Nell’anniversario dell’uragano Katrina, a New Orleans sono entrati in funzione i bulldozer: «Raderanno al suolo tutte le case non ancora ricostruite, quelle di proprietari che non tornati: così esproprieranno la terra che sarà a disposizione della speculazione edilizia», ci spiega Kelly Dougherty, soldatessa inviata in Iraq dal febbraio 2003 al 2004 e ora presidente dell’organizzazione «Iraq veterans against the war». Dougherty è appena tornata da un periodo di volontaria tra i sopravvissuti di Katrina, e della città della Louisiana conserva un’immagine spettrale e violenta. «La povera gente ancora oggi in molte parti della città vive senza elettricità e senza acqua potabile.
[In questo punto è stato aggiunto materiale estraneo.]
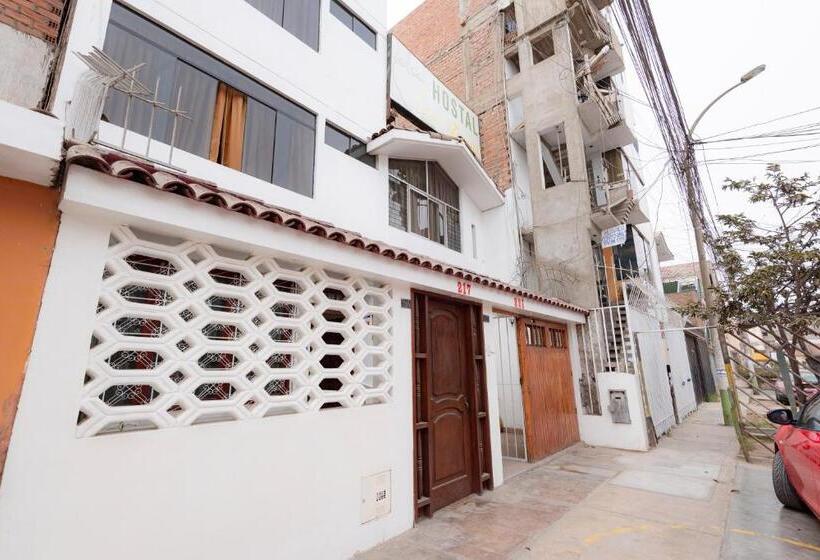 هتل Hostal Las Fresas Lima Airport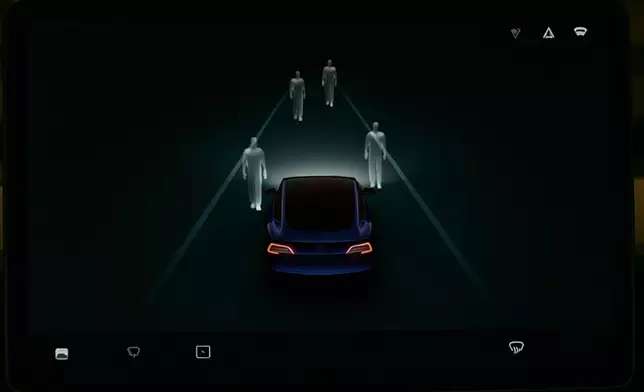 四野無人汽車顯示屏卻有不同顯示。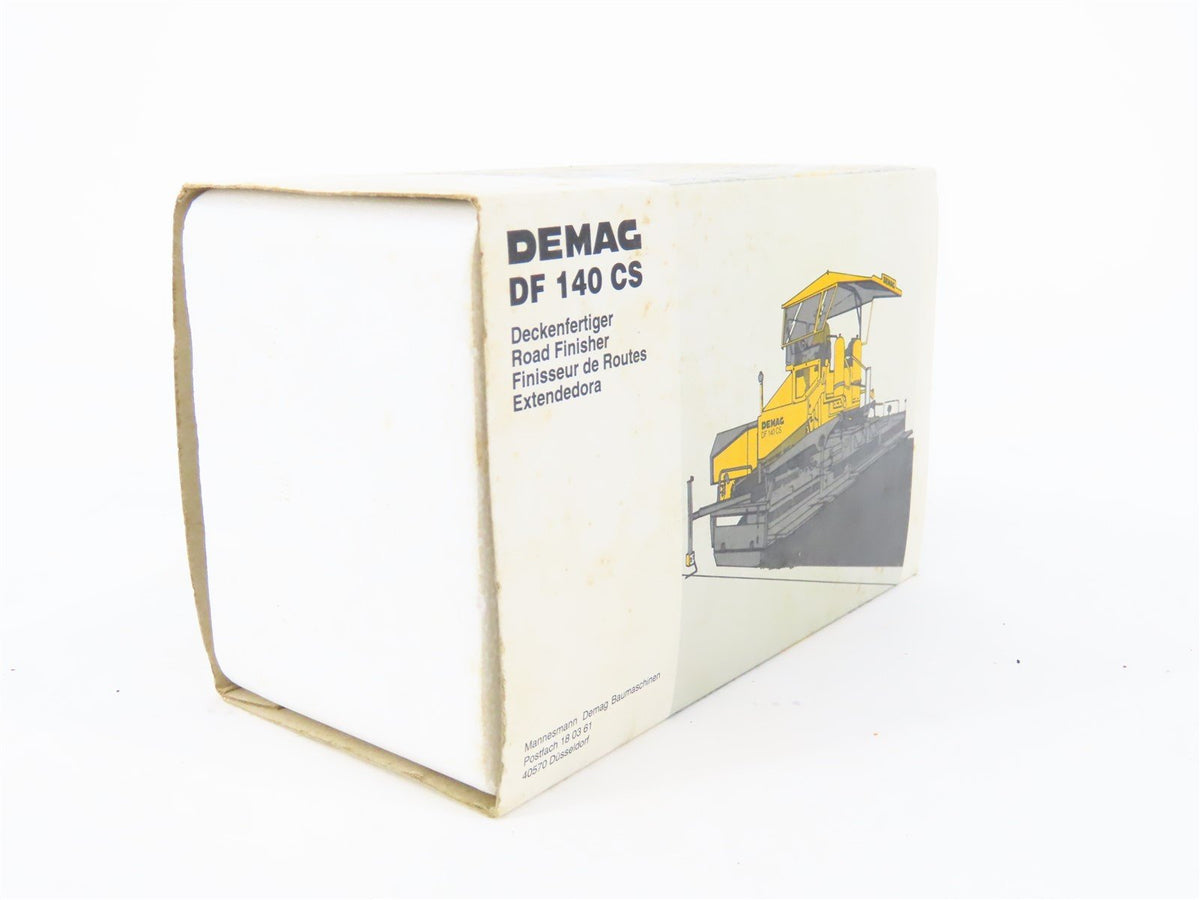 1:50 Scale Die-Cast NZG 395 Demag DF 140 CS Road Finisher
Dei novantamila e più fuggiti dalle loro case, solo il 16 per cento e tornato a casa». Chi ha deciso di radere al suolo le case non ricostruite? «Forse la direttiva è locale, ma la decisione di certo proviene da Washington. La motivazione addotta è che i proprietari originari delle case che non sono potuti ancora tornare a New Orleans e sono ancora rifugiati in altri stati perdono ogni diritto di residenza a New Orleans. Di conseguenza non risultano più nel catasto come legittimi proprietari della propria casa».
Cosa l’ha spinta, dopo l’esperienza in Iraq, ad andare dai sopravvissuti di Katrina?
A marzo di quest’anno, in occasione del terzo anniversario dell’invasione e occupazione americana in Iraq, organizzammo una carovana di protesta di reduci e famiglie di soldati in Iraq, con una marcia da Mobile in Alabama sino a New Orleans come segno simbolico di solidarietà. Rimanemmo scioccati. Non ci aspettavamo una situazione così tragica 7 mesi dopo l’uragano. Ci siamo resi conto che a New Orleans non è stato fatto nulla per la ricostruzione. I media ci avevano fatto vedere solo minima parte della devastazione umana. Lungo chilometri di costa del Golfo abbiamo visto solo cumuli di mondezza putrida mai raccolta; gli abitanti siedono sui bordi delle strade in mezzo a liquami e acqua contaminata dagli agenti tossici fuoriusciti dalle fabbriche e raffinerie distrutte. Abbiamo constatato l’indifferenza e lo stesso cinismo per la sorte di civili innocenti che abbiamo visto in Iraq. Per questo abbiamo deciso di tornare a New Orleans nell’estate, e dare il nostro aiuto di soldati con l’esperienza dell’Iraq. Durante il nostro soggiorno non abbiamo visto nemmeno un funzionario della Croce Rossa: solo la solidarietà di comunità religiose e civili volontari.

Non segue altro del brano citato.